→ **Work instruction**:
Nothing but the lines from the one showing "B2B wholesale compression socks" through the final line of the data below belongs in the answer, duplicated exactly and without pictures.

→ **Provided material**:
------------------------
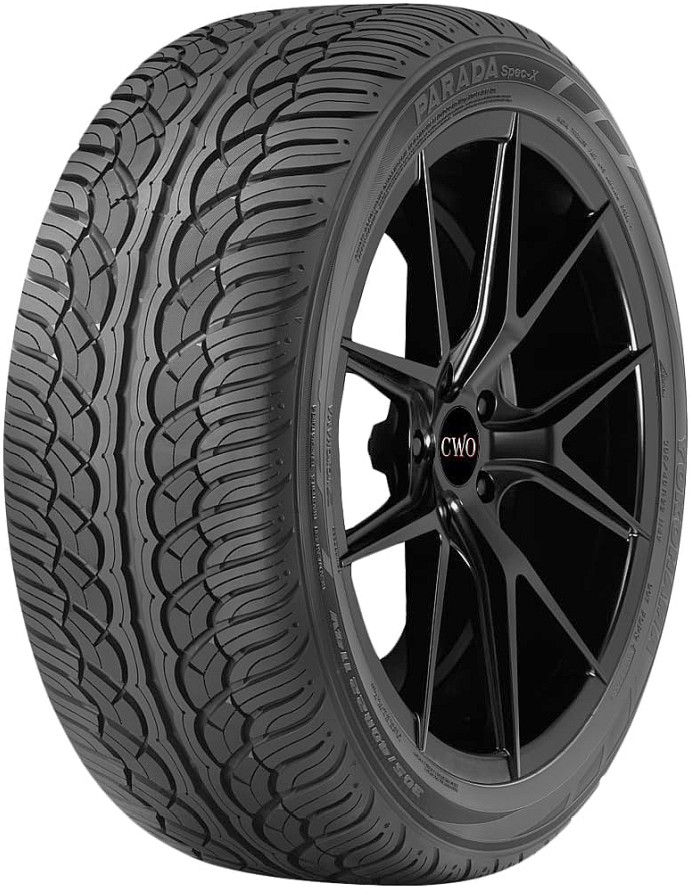 Anvelope vara YOKOHAMA PARADA Spec-X 285/35 R22 106V
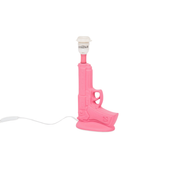 Table lamp - Gun - Neon pink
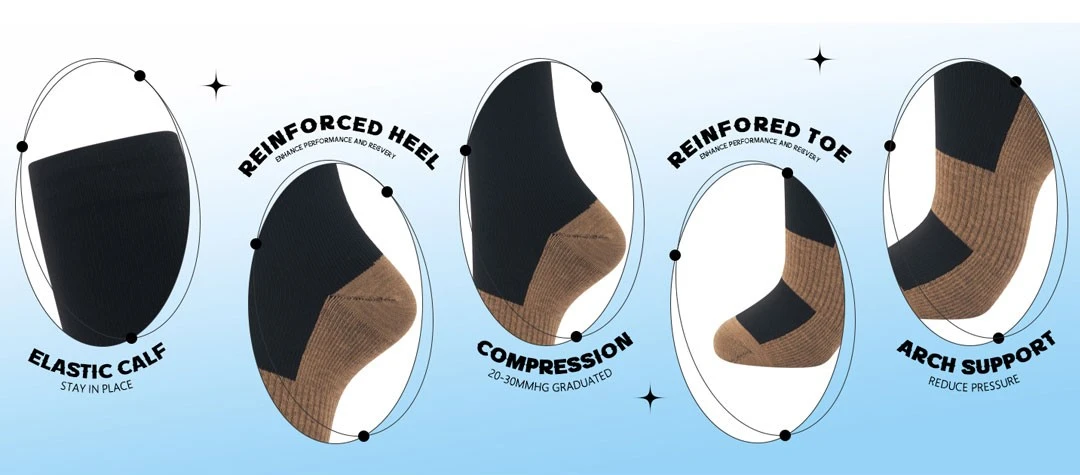 B2B wholesale compression socks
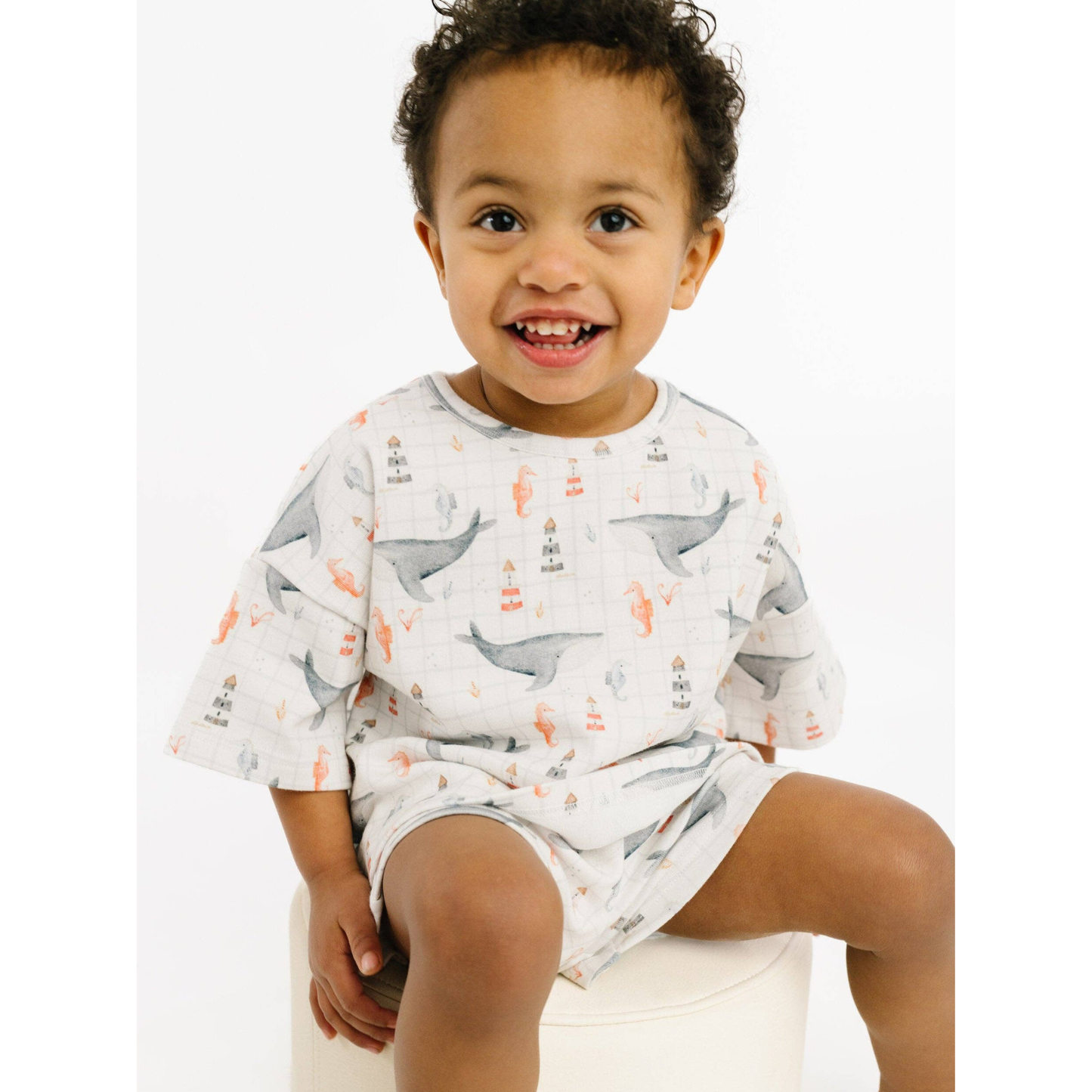Ocean Explorer Slouchy Set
------------------------
→ **Finished exercise**:
 B2B wholesale compression socks
Ocean Explorer Slouchy Set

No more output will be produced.